Dan is a truck driver who works for Package Express (PE) in the State of Loyola.  PE is a large national firm that delivers packages and express mail for its many customers.  It has a fleet of thousands of trucks and has profits of around $100 million each year.
    Until recently, each PE truck had a large display (similar to a computer monitor) on the dashboard that listed the driver's next delivery stop in large letters.  The display was connected via a wireless signal to the nearest distribution center.  The display would give turn-by-turn directions in a large font to the next pick-up or delivery address.  For safety reasons, drivers were forbidden to use cell phones on the job.
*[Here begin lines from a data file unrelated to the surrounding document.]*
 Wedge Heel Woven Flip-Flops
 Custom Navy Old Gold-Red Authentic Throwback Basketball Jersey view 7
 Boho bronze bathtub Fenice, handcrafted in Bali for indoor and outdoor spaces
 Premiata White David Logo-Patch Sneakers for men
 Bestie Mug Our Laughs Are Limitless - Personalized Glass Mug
    Two years ago, PE came under new managers who wished to increase profits for investors by cutting costs.  They reasoned that almost all employees had cell phones that could receive text messages.  PE management decided to eliminate the large displays in trucks because they were quite expensive.  Their new policy was that all drivers had to take their personal cell phones to work (PE paid them a $50 credit each month to help pay the cell phone fees).  Information was now transmitted to the drivers by means of text messages on their cell phones.  
    PE knew that text messages on cell phones were much harder to read than those on the displays that PE previously used, and that therefore accidents were likely to increase.  So PE instituted a company rule that drivers could only check their messages while the truck was stopped.  This was consistent with a State of Loyola law that prohibits any cell phone use in a moving vehicle.
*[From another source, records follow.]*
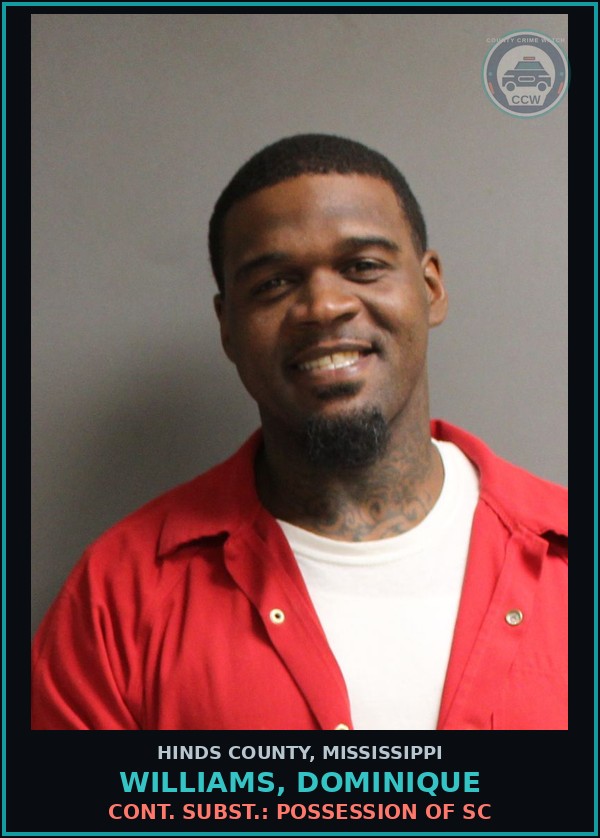 Booking mugshot of Williams, Dominique in Hinds County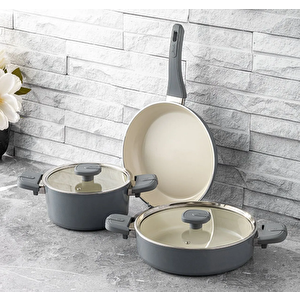 Swiss Crystal Grey 5 Parça İndüksiyon Tabanlı Tencere Seti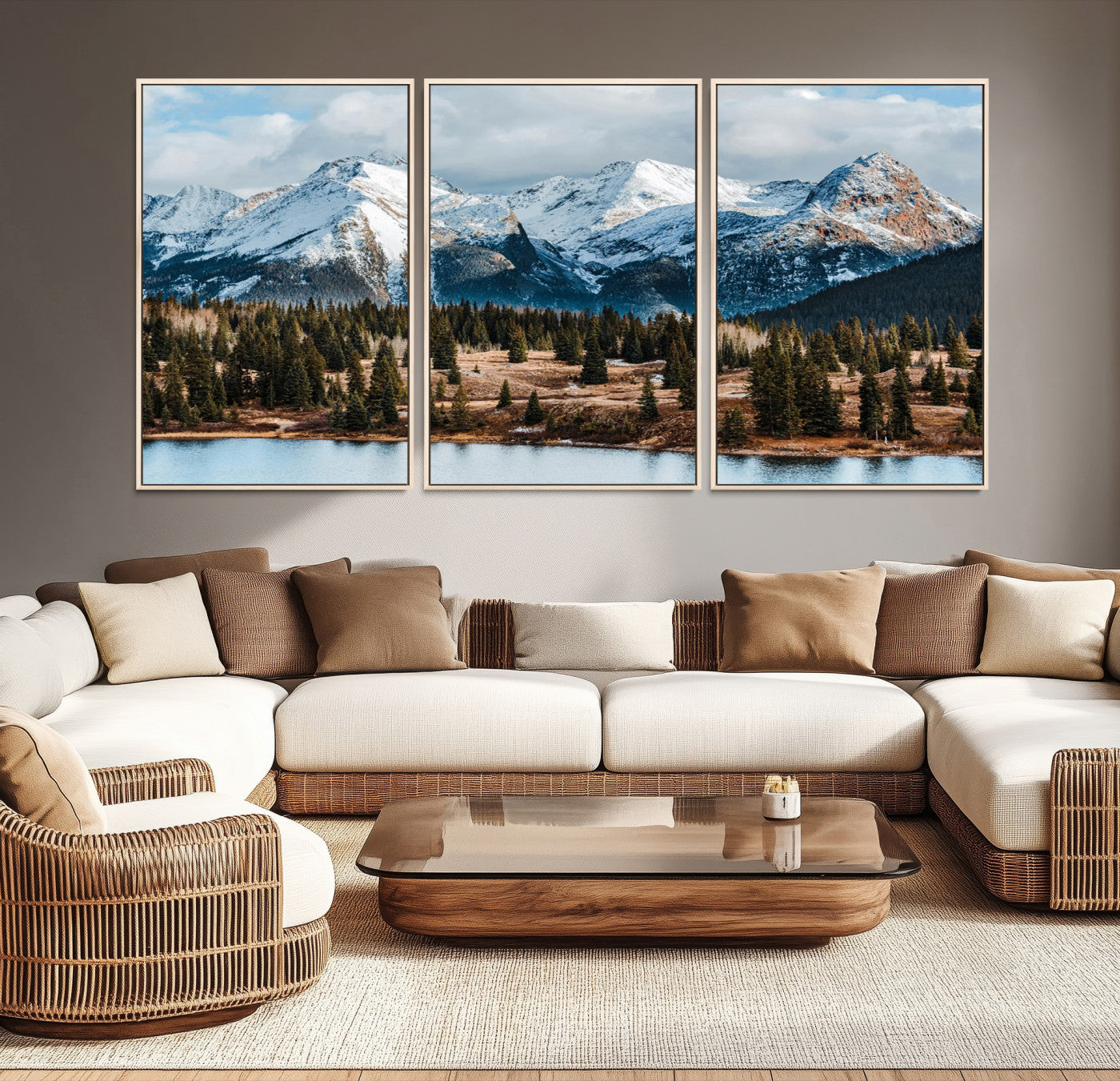 -Snowy Peaks Wall Art Canvas Print, Framed Alpine Lake Art Picture Print, Pine Forest Perfect Alpine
    PE drivers were therefore expected to stop along the side of the road to read the directions to their next delivery location.  This took a great deal of time.  PE drivers were paid a fixed amount for an 8 hour day, but because of this new system, drivers had to spend 9-10 hours completing their deliveries.  They were not paid for this extra time.  Almost all PE drivers began to read their text messages while driving, so that they could finish their shifts on time.  PE was aware that this was happening, but did nothing to stop it (since they did not want to pay drivers for the extra time).  PE was also aware that its accident rate had doubled in almost all parts of the country since it instituted the new system.
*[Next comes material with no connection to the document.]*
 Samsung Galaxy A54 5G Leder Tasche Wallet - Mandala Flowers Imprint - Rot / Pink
    One day Dan was driving his PE truck and got lost.  While the truck was moving, he squinted and looked down to read the text message with directions on his cell phone.  He drove his truck through a stop sign in a residential neighborhood and slammed into the house of the Gomez family.  The impact severely damaged the outside wall of their living room and also caused a grandfather clock to fall over and break to pieces.  Mrs. Gomez had inherited the clock from her parents, who recently died.  Mrs. Gomez and her brother had originally given the clock to their parents on their 50th wedding anniversary.  It was the only substantial heirloom she had from her parents.
    The falling clock also caused minor injury to Mr. Gomez's leg, but he settled this issue with PE for $2000 during mediation.
    The remaining injuries were not resolved by mediation, so the Gomez found a lawyer and sued PE for their remaining damages.  The following facts were proven at trial, and you should assume they are true.  The clocks are still being manufactured today by a small family company in Kentucky and cost $15,000 new.  Mrs. Gomez and her brother paid $10,000 for it 25 years ago, and it was still in good condition at the time of the accident.  The clocks are also available used and normally cost around $8000 in good condition.  Mrs. Gomez testified that she was very attached to it and all the money in the world could not replace it.
    The living room wall can be fixed for $10,000.  The damage reduced the value of the house by $3000, because it did not affect the inside of the house and is not very visible from the street.  The Gomez testified that they are fastidious people who keep their house in great shape and that they would definitely have the damage fixed because they want to make a good impression on the neighbors.
    The Gomez also asked for punitive damages against PE, arguing that the cell phone policy was outrageous and dangerous.  They produced documents at trial in which PE analysts predicted that the policy would lead to more accidents, but also stated that the accidents were likely to be minor and that using cell phones would save PE an average of $100,000 a year in each of the 38 states where it operated.  
    The jury awarded $25,000 for the clock.  It also awarded $10,000 to repair the wall; the trial judge lowered this amount to $3000.  Finally, the jury awarded $3,800,000 in punitive damages.  Because Dan had no real assets, the lawsuit was solely against PE.  
    Both the Gomez and PE appeal.  You are a law clerk for Judge Learned Foot, who asks you to write a memo addressing the issues below.  Loyola law normally follows the law of California, and if there is no California law, it follows general common law principles.  The judge also tells you not to consider possible questions relating to vicarious liability.  The issues you should address are:
    1.    Does the jury seem to have correctly calculated damages for the clock? [about 15%]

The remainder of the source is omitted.